AI投資の熱気が広がる一方、資金が現実の変動を先取りしすぎる可能性があるとして、Financing the AI Revolution会議でパネリストがリスクを指摘しました。
シンガポールの投資ファンドTemasekのMartin Fichtner氏は、需要の伸びが「加速し続けるか」を見るため、成長率の変化率である「二階微分」を注視していると述べました。
投資家の間では、加速が鈍り始めるだけで警戒感が高まると説明しました。
また、投資会社MagnetarのJim Prusko氏は、AIへの規制強化やデータセンターへの政治的圧力が米国でのAI投資に影響する恐れがあるとしました。

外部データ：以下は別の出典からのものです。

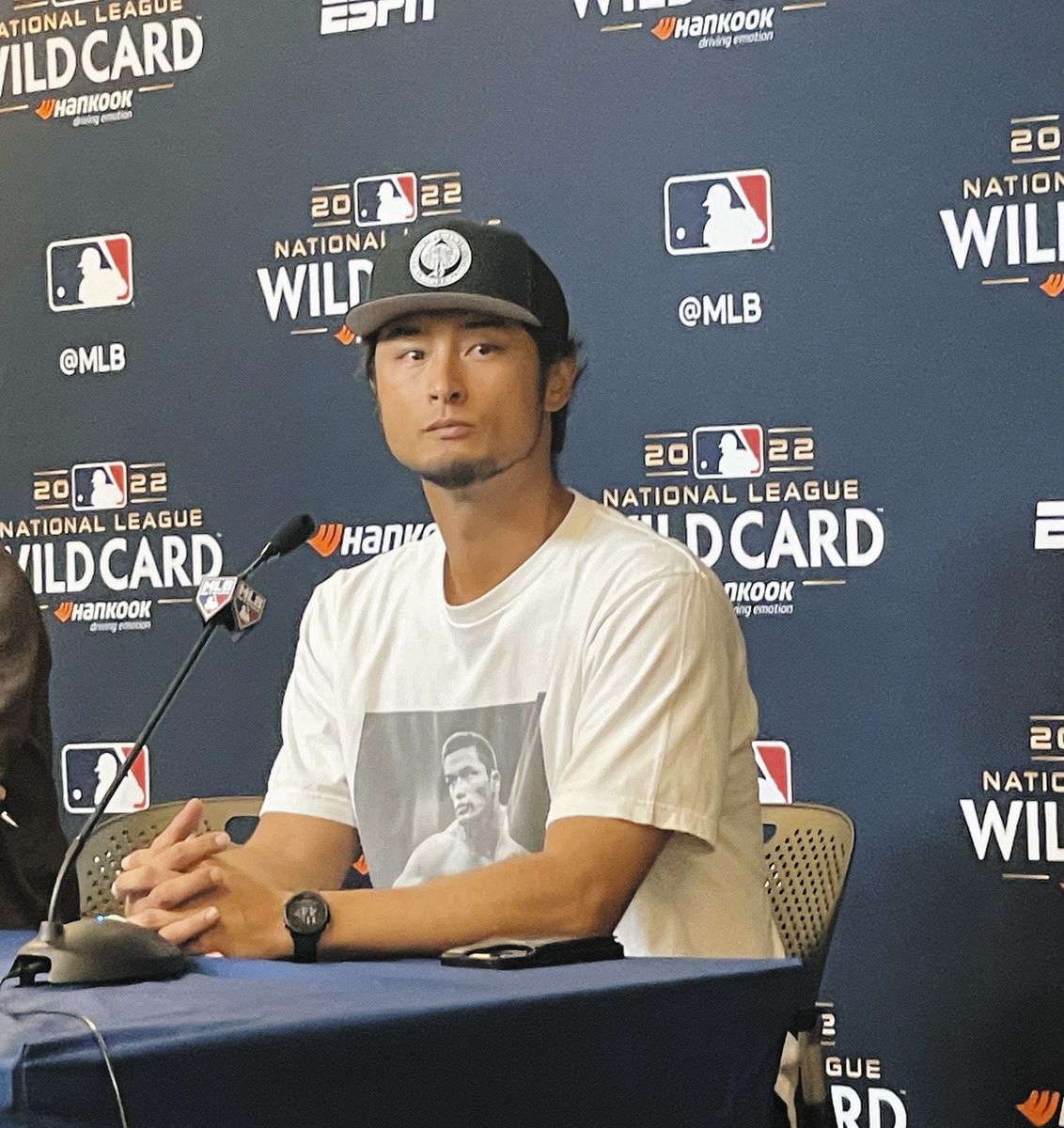 ◇「山本KID」Tシャツを着るダルビッシュ【写真】：中日スポーツ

Magnetarはデータセンター開発のCoreWeaveを支える立場です。
需要が供給を上回る局面では、CoreWeaveは資金調達が追いつかない「タイミングの不一致」が常態化しているとも明らかにしました。
将来的に供給が需要を上回れば、顧客獲得競争が激化し、借入を前提にした企業や貸し手にとって危険になり得るとしました。
その具体例として、計算資源のコスト上昇に直面したAnthropicが価格を引き上げ、顧客の費用が倍増・三倍増になり得るとの見方が紹介されました。
さらにOpenAIでは、経営陣の不調や成長の遅れなどが伝えられ、OracleやCoreWeaveなどが大きく賭けた投資家の株価にも影響が出たとされています。
今後はSpaceXのIPOで民間AI開発の詳細な財務が示される可能性があり、xAIではCursorの案件などから状況が読み取れるとの見方も出ました。
PwCのKatherine Kaminsky氏は、AI導入はクラウド移行やバックオフィス外注よりも複雑で、企業活動全体の見直しが必要だと指摘し、導入は当初の急増後により慎重なペースになる可能性を示しました。
結局のところ、投資判断は期待に左右されるが、現時点の期待は極めて高いというのが会議の総括でした。